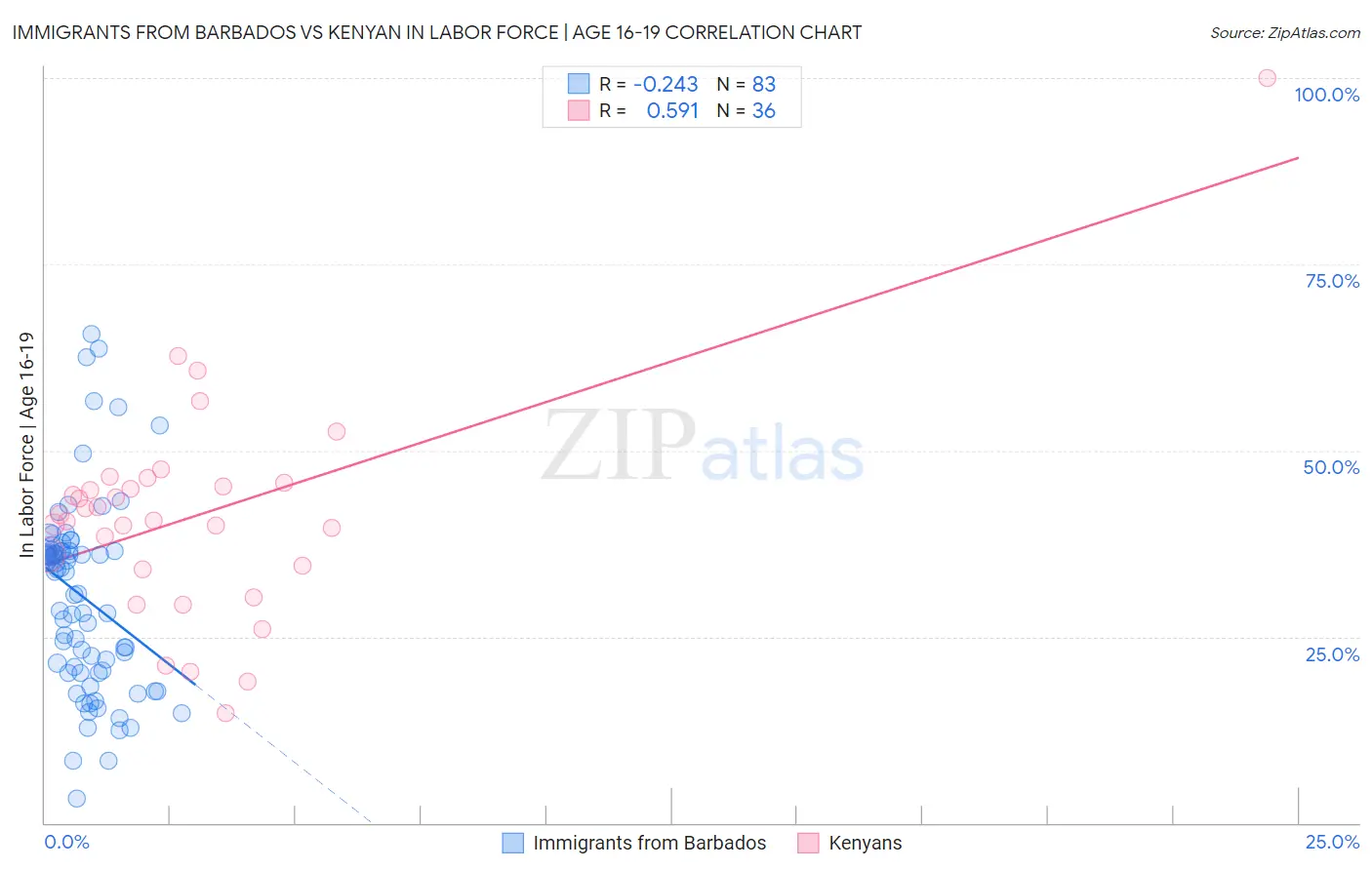 Immigrants from Barbados vs Kenyan In Labor Force | Age 16-19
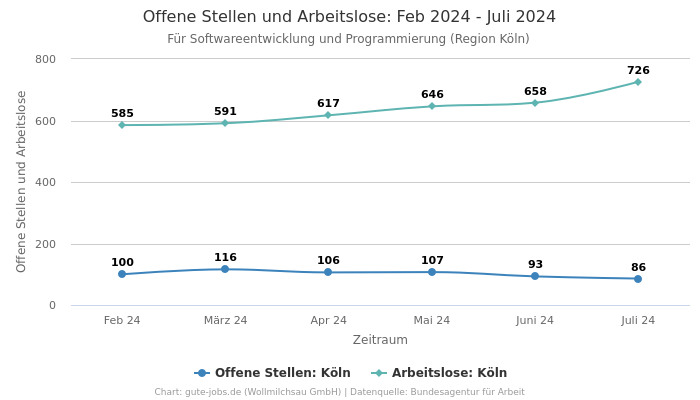 Offene Stellen und Arbeitslose: Feb 2024 - Juli 2024 | Für Softwareentwicklung und Programmierung | Region Köln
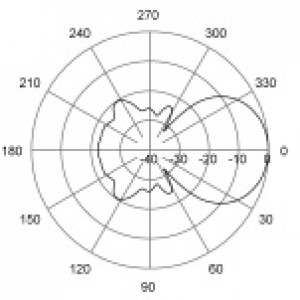E-Plane | 165 MHz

*What the task requires*
Skip the pictures; extract only the lines from the line with "Offene Stellen und" through the final line of the material, exactly as they appear.

*Exercise answer*
 Offene Stellen und Arbeitslose: Feb 2024 - Juli 2024 | Für Softwareentwicklung und Programmierung | Region Köln
E-Plane | 165 MHz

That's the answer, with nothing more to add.